简体   繁体   English

Dask jobqueue - 有没有办法同时启动所有工人?

[英]Dask jobqueue - Is there a way to start all workers at the same time?

Say if I have the following deployment on SLURM:假设我在 SLURM 上有以下部署:

cluster = SLURMCluster(processes=1, cores=25, walltime=1-00:00:00)

cluster.scale(20)
client = Client(cluster)

So I will have 20 nodes each with 25 cores.所以我将有 20 个节点,每个节点有 25 个核心。

Is there a way to tell the slurm scheduler to start all nodes at the same time, instead of starting each one individually when they become available?有没有办法告诉 slurm 调度程序同时启动所有节点,而不是在它们可用时单独启动每个节点?

A specific example: when nodes are being started individually, those that started the earliest might wait for several, say 2, hours until all 20 nodes are ready.一个具体的例子:当节点单独启动时,最早启动的节点可能会等待几个小时,比如 2 小时,直到所有 20 个节点都准备就绪。 This not only is a waste of resources but also this makes my total job time to be less than 24 hour (eg 22 hours).这不仅是资源浪费,而且使我的总工作时间少于 24 小时(例如 22 小时)。
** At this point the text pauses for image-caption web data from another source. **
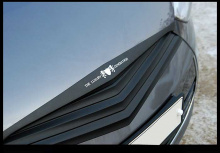 Тюнинг Хендай Велостер - карбоновая решетка радиатора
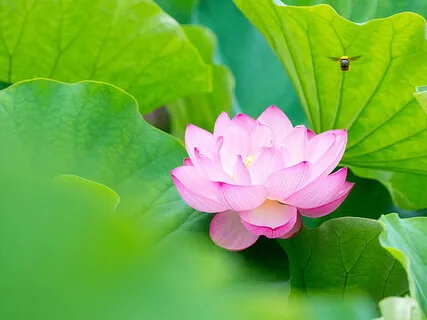 เสียงอ่าน อนัตตลักขณสูตร เพื่อการตื่นรู้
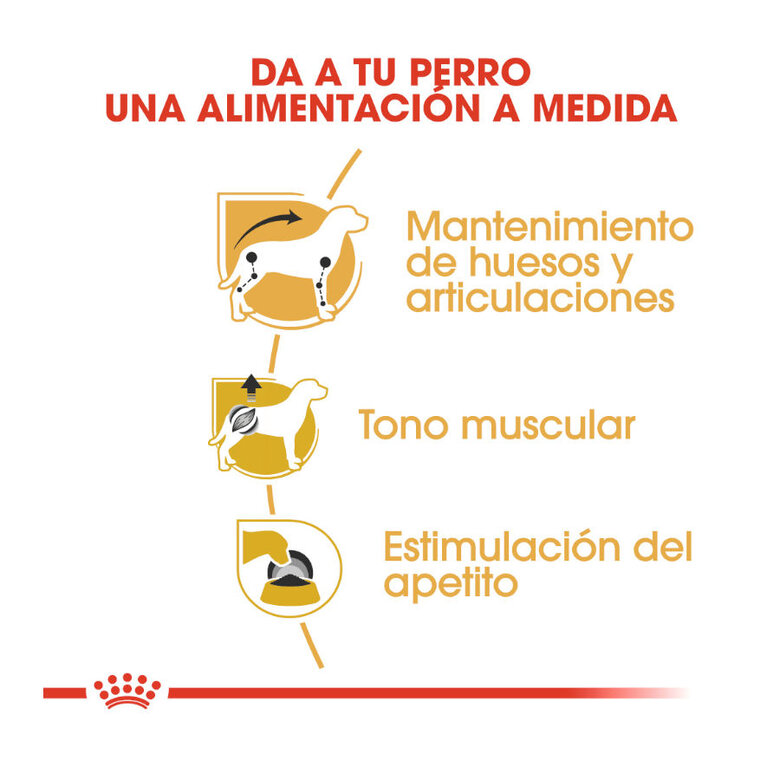 85 g Royal Canin Saquetas de Patê para Teckel,  Imagem número 6 85 g Royal Canin Saquetas de Patê para Teckel, , large Imagem número 6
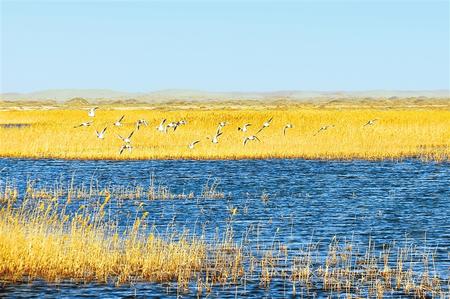 武威发展与生态文明建设,奋力谱写新时代生态文明新篇章
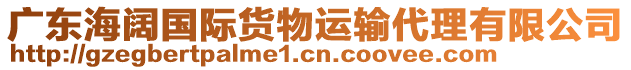 廣東海闊國際貨物運輸代理有限公司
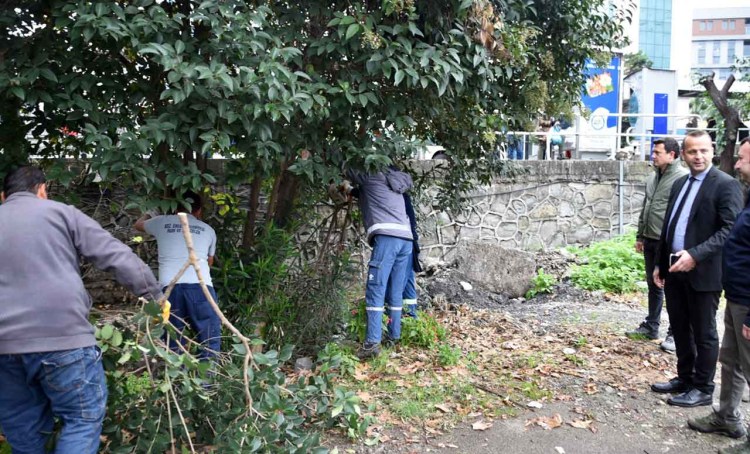 Eski kaymakamlık alanında temizlik çalışması yapılıyor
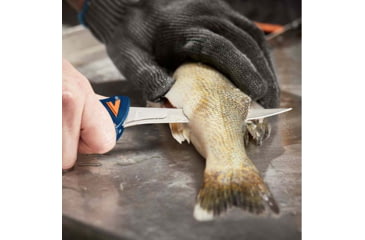 Image of Havalon Talon Fish Interchangeable Fixed Blade Knife Set, 4 Blades, Roll-Pack, Box, Blue/Orange, XTI-TF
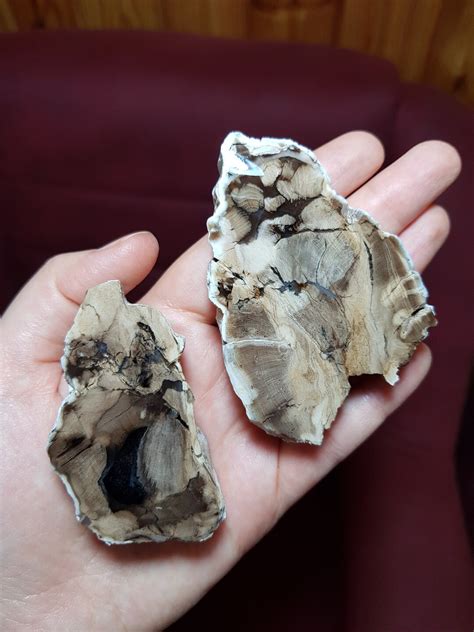 Super Rare! Opalized Petrified Wood Slices, Decoration Polished ...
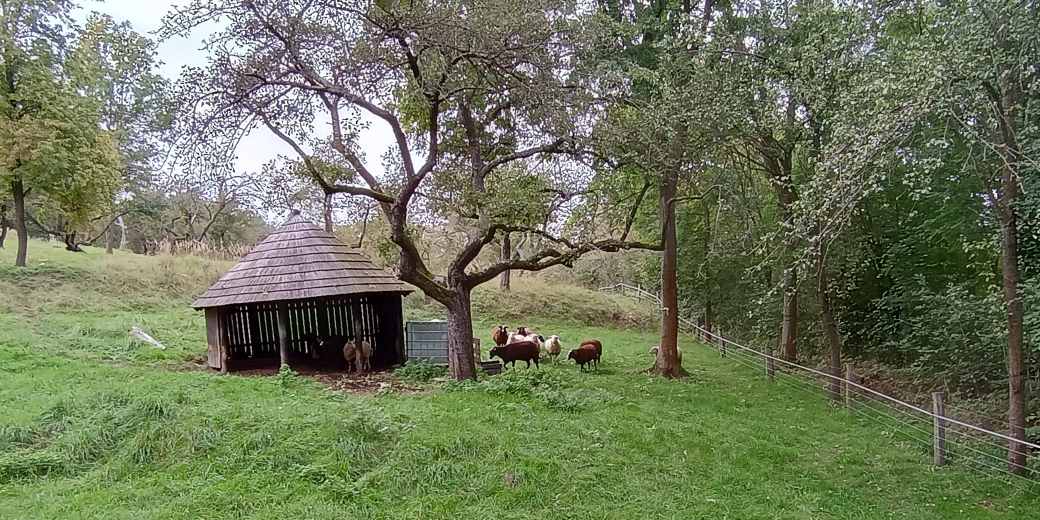 Informujeme o vyhlášení navazující 13. výzvu v Operačním programu Životní prostředí – Zjednodušené metody vykazování v Projektovém schématu AOPK ČR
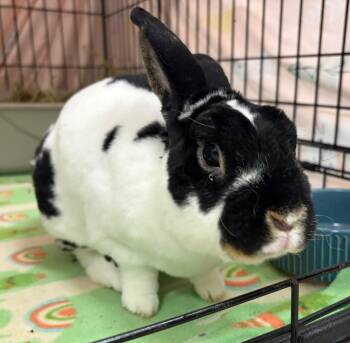 Onyx -  Mini Rex Rabbit for Adoption in Oshkosh, Wisconsin - Onyx | PetCurious
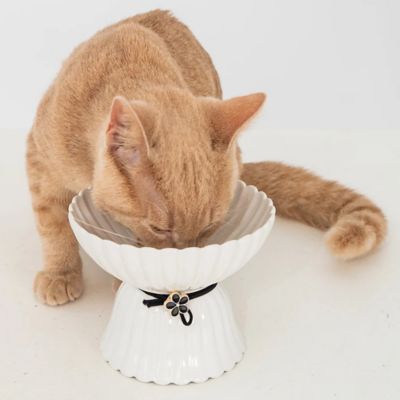 Image showing  Elevated Cat Bowl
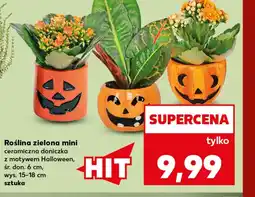 Kaufland Roślina Halloween oferta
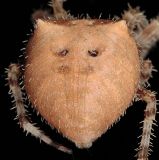 Orb Weaver Spiders
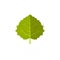 Aspen leaf icon, flat style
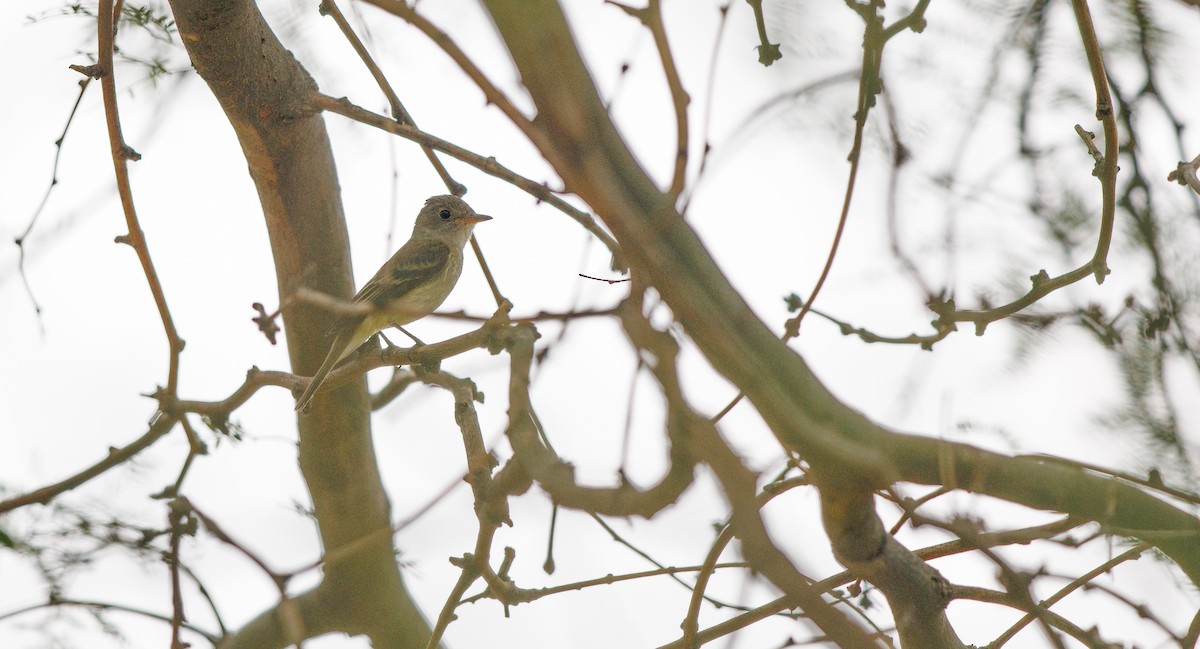 Willow Flycatcher - ML640280932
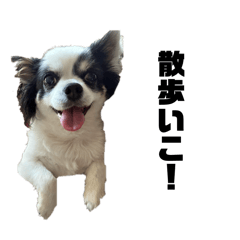 Rinka_20251024123310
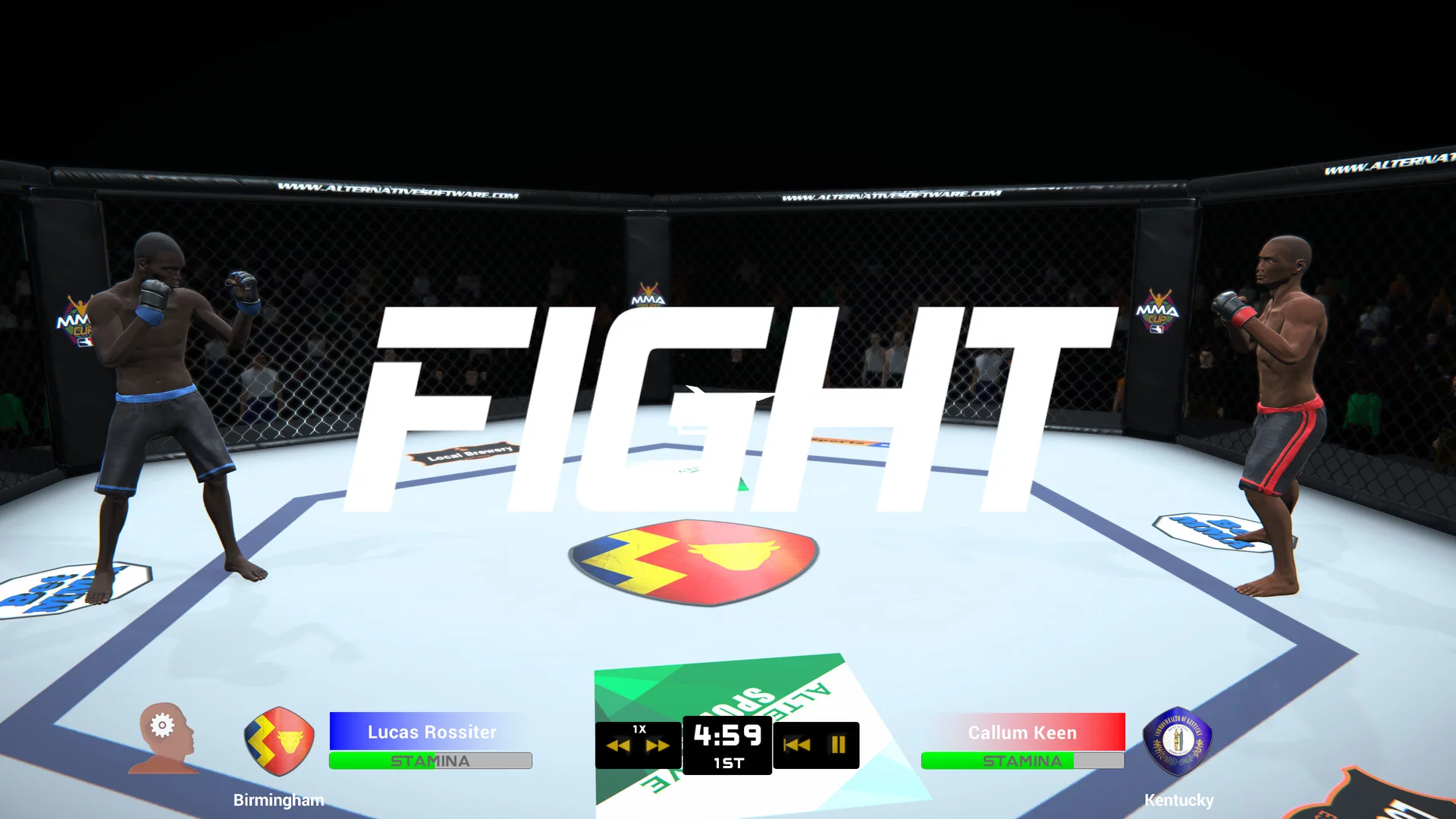 Изображение игры: MMA Team Manager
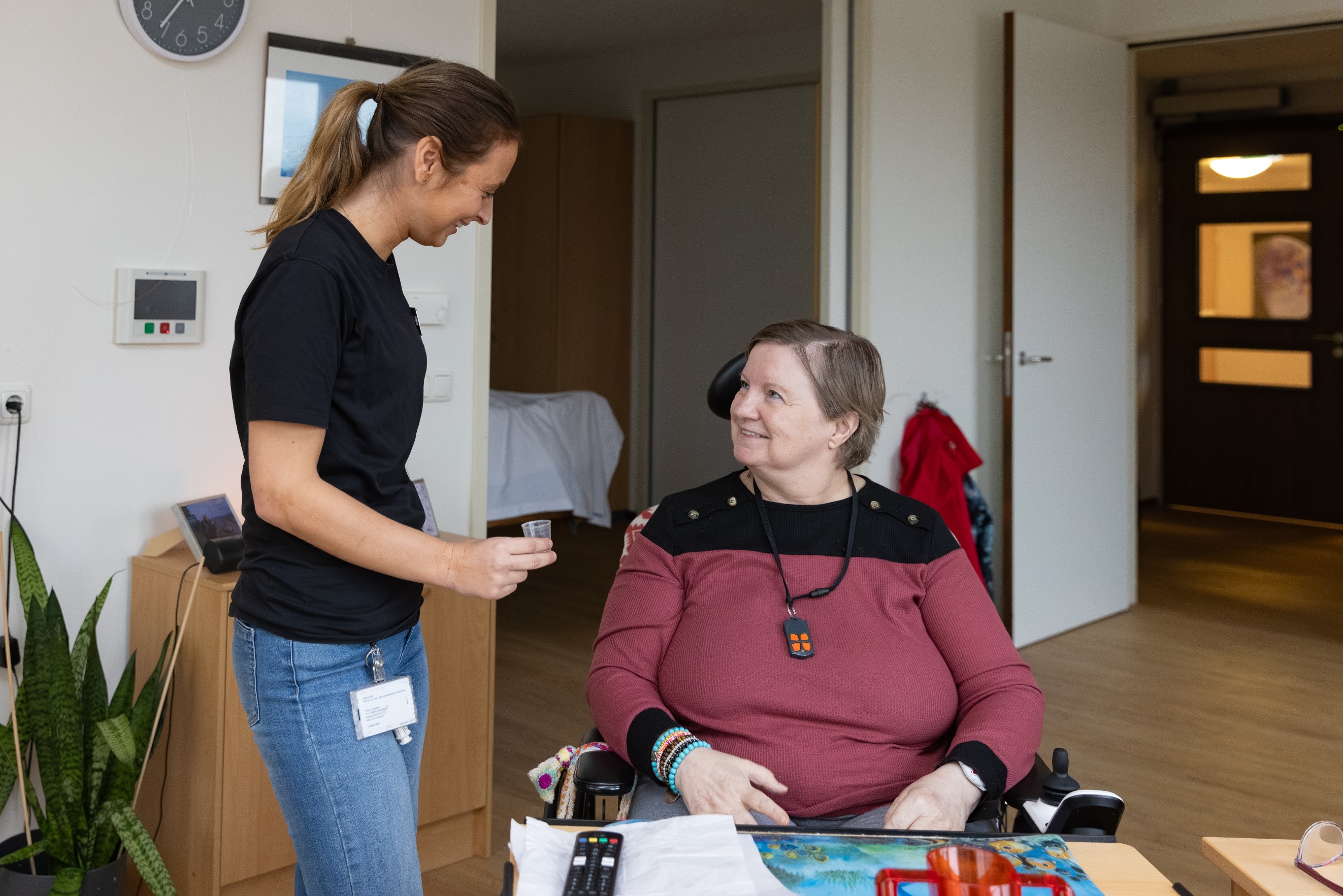 20251127 Lingesteyn 1 40Cm HR 42 (1)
This is something one can do easily with dask_mpi , where a single batch job is allocated.这是可以使用dask_mpi轻松完成的事情,其中分配了单个批处理作业。 I am wondering if it's possible to do this with dask_jobqueue specifically.我想知道是否可以专门用dask_jobqueue来做到这一点。

dask-jobqueue itself doesn't propose such a functionality. dask-jobqueue本身并没有提出这样的功能。

It is designed to submit independent jobs.它旨在提交独立作业。 So to achieve this you would have to look at the possibilities of the job queuing system, Slurm in your case, and see if this is possible without dask-jobqueue.因此,要实现这一点,您必须查看作业排队系统的可能性,在您的情况下为 Slurm,并查看在没有 dask-jobqueue 的情况下是否可行。 Then you should try to add the correct options to dask-jobqueue if you can, though job_extra_directives kwarg for example.然后,如果可以的话,您应该尝试向dask-jobqueue添加正确的选项,例如job_extra_directives kwarg。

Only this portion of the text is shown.